The government’s crisis was summed up prior to the debate by May, who was forced to comment on discussion on a “black Brexit” in which the government left article 50 talks without a future deal with the EU, a “white Brexit” within the UK seeking to remain in the single market and a “grey Brexit” involving leaving the single market with access to parts of the single market.
May offered an inane response, stating, “I’m interested in all these terms that have been identified—hard Brexit, soft Brexit, black Brexit, white Brexit, grey Brexit and actually what we should be looking for is a red, white and blue Brexit.”
The pro and anti-EU wings of the ruling elite are equally reactionary.
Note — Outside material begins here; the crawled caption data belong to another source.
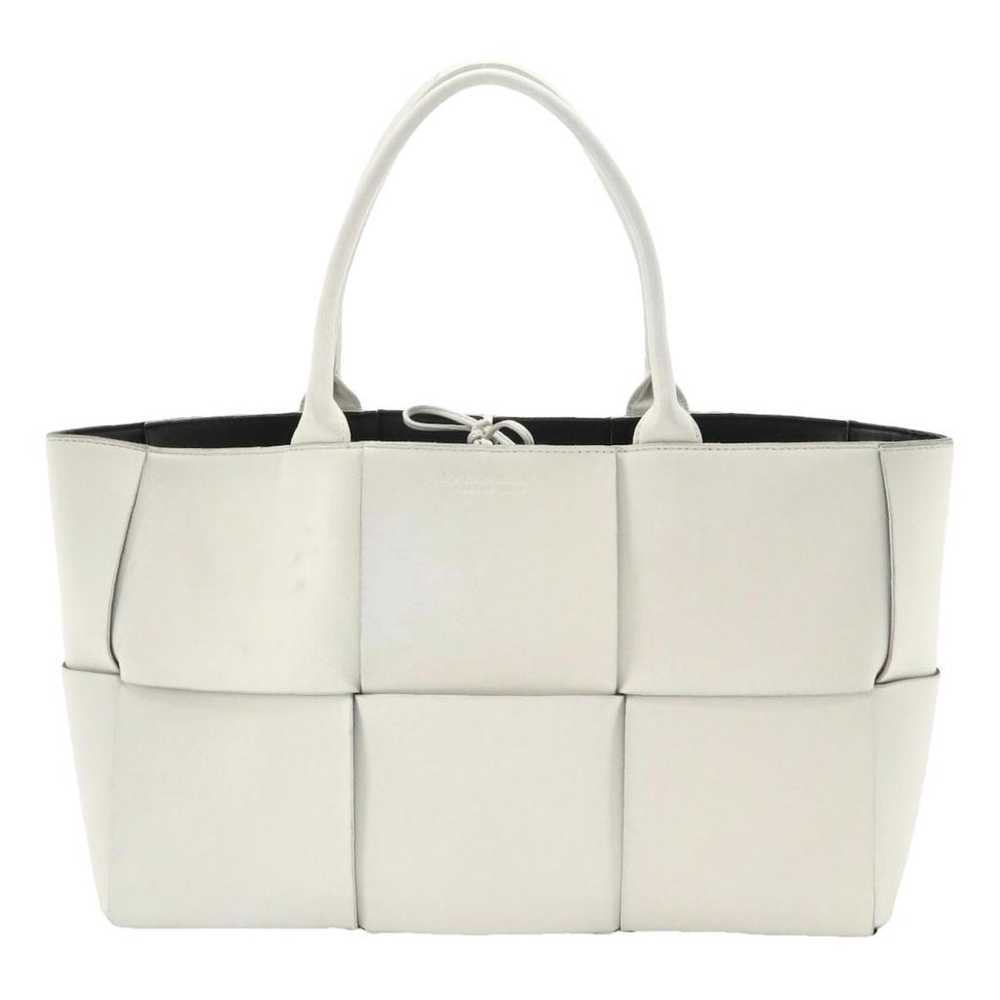 Bottega Veneta Arco leather tote - image 1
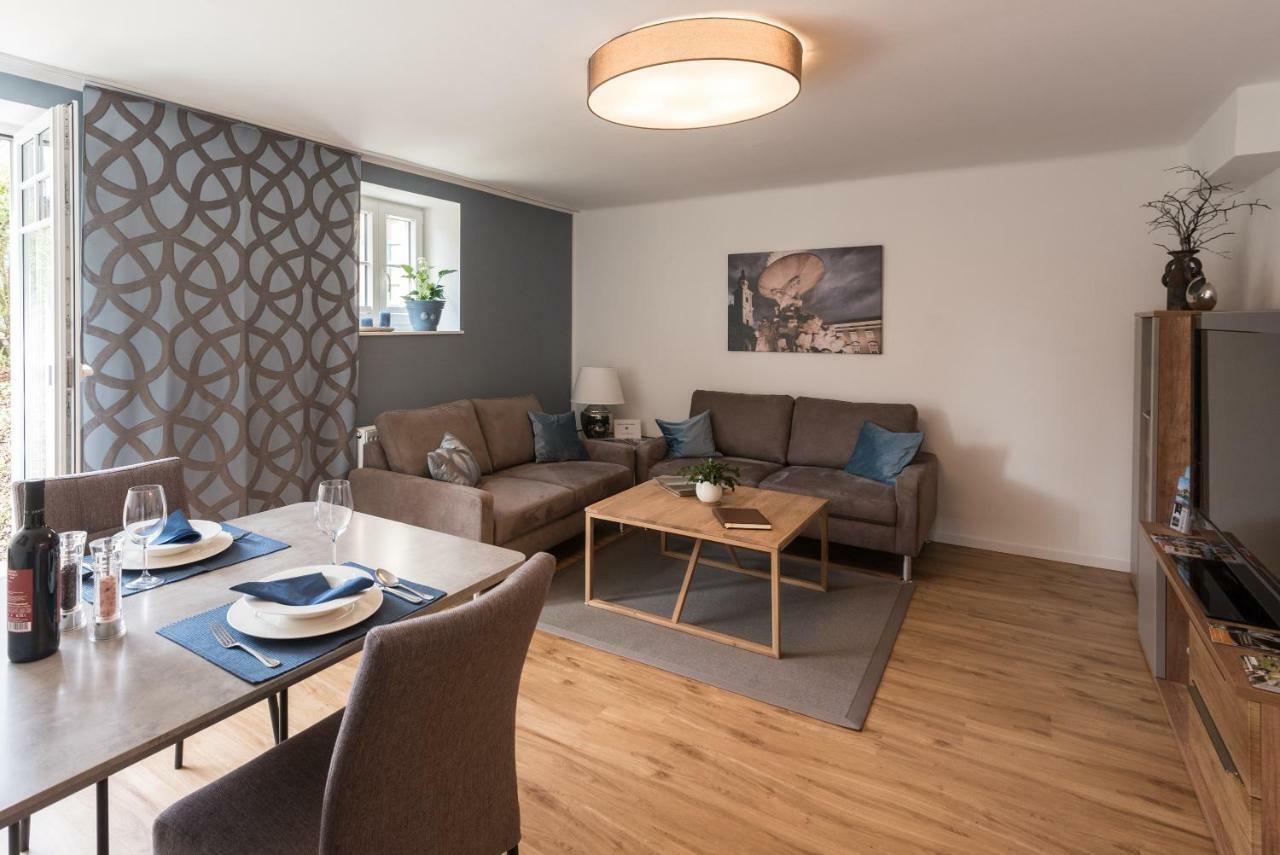 Apartment Villa Leopoldskron Salzburg Exteriör bild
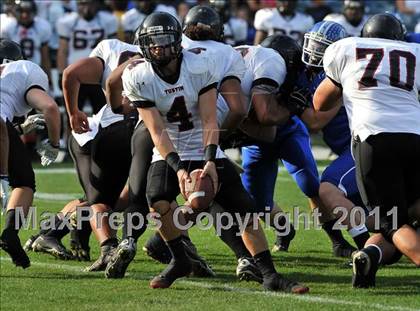 Thumbnail 2 in Tustin vs. La Habra (CIF SS Southwest Division Final) photogallery.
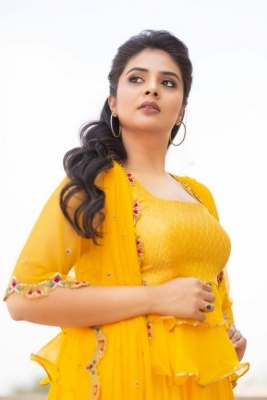 Sreemukhi Photos - 1 of 8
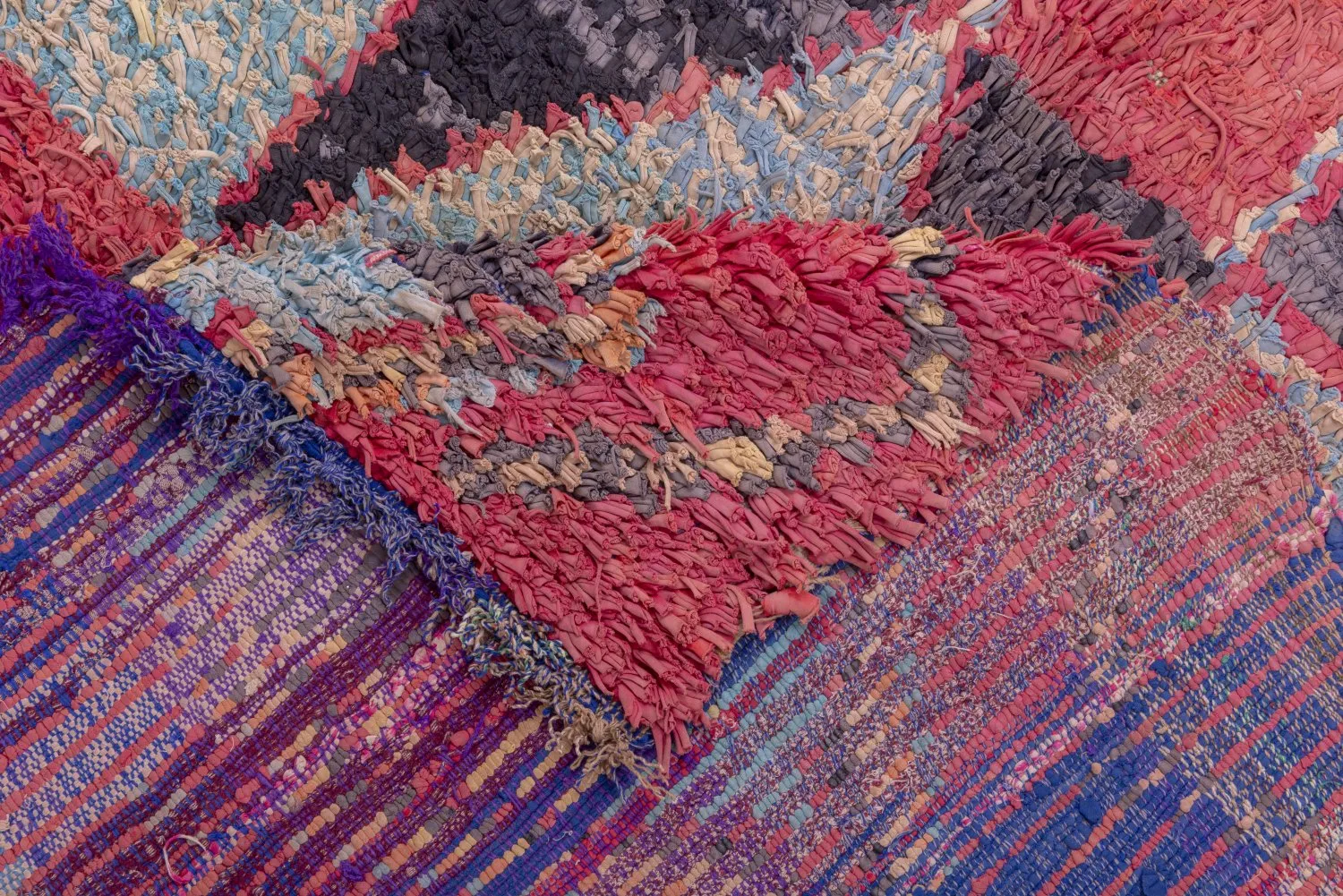 Marokkaanse Berber tapijt Boucherouite 255 x 150 cm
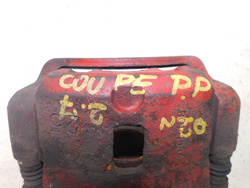 HYUNDAI COUPE TIBURON II 2.7 07r ZACISK PRAWY PRZÓD 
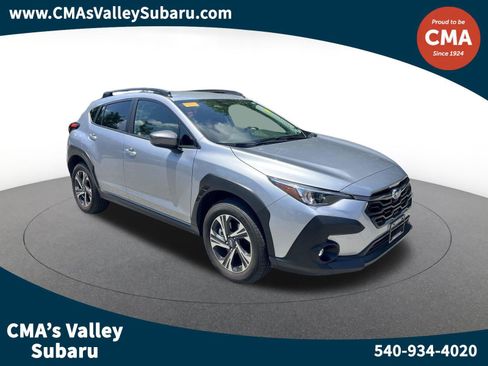 Used 2024 Subaru Crosstrek 2.0i Premium w/ Crosstrek Mirror Package AWD/4WD image 1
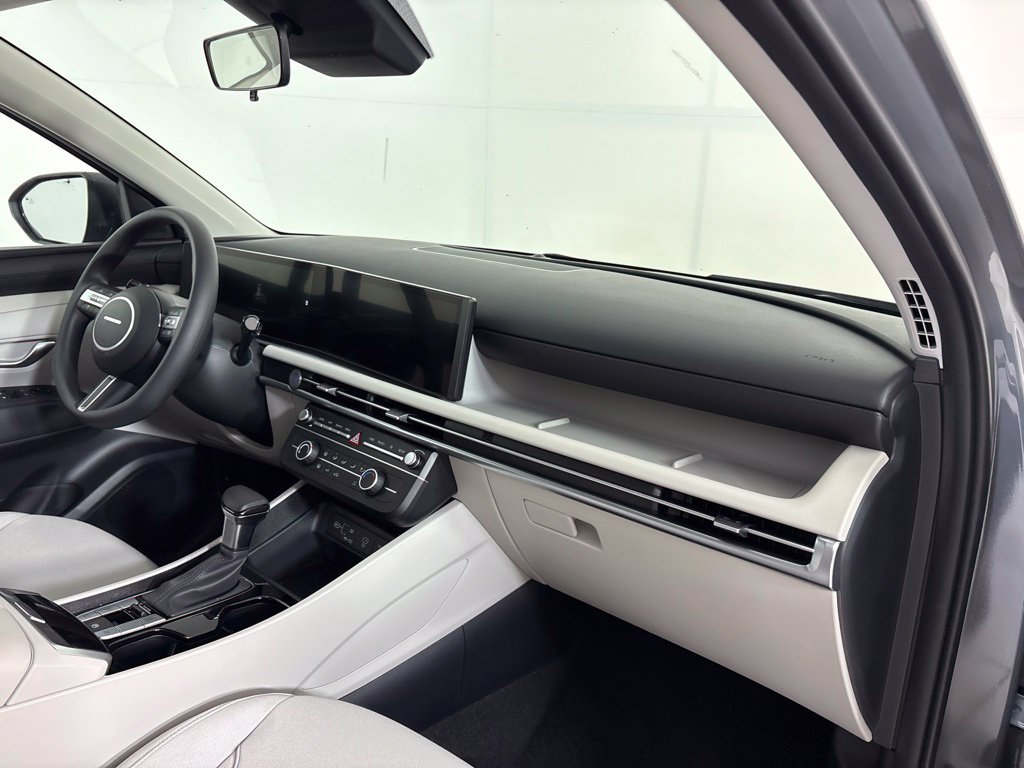 New 2026 Hyundai Tucson SE FWD image 13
Both put forward a nationalist, anti-working class agenda and are equally supportive of cuts in immigration and restrictions on the freedom of movement.
In his speech, former Labour leader Ed Miliband said he opposed comments made by May’s spokesman on Monday that those calling for the government’s plans to be scrutinised were not “backing the UK team.” Miliband replied, “We are not seeking proper scrutiny of the plans for Brexit because of our lack of patriotism; we are doing it out of patriotism, because we believe in the unity of the country.”
Labour MP Andy Burnham declared that “many lifelong Labour voters” voted [in the referendum] “for change on immigration.” He added, “I am clear about that, and it has to be our starting point in this debate. The status quo—full free movement—was defeated at the ballot box, so it is not an option. What is to be debated is the precise nature of the changes that replace it, so that we get the balance right between responding properly to the public’s legitimate concerns and minimising the impact on our economy.”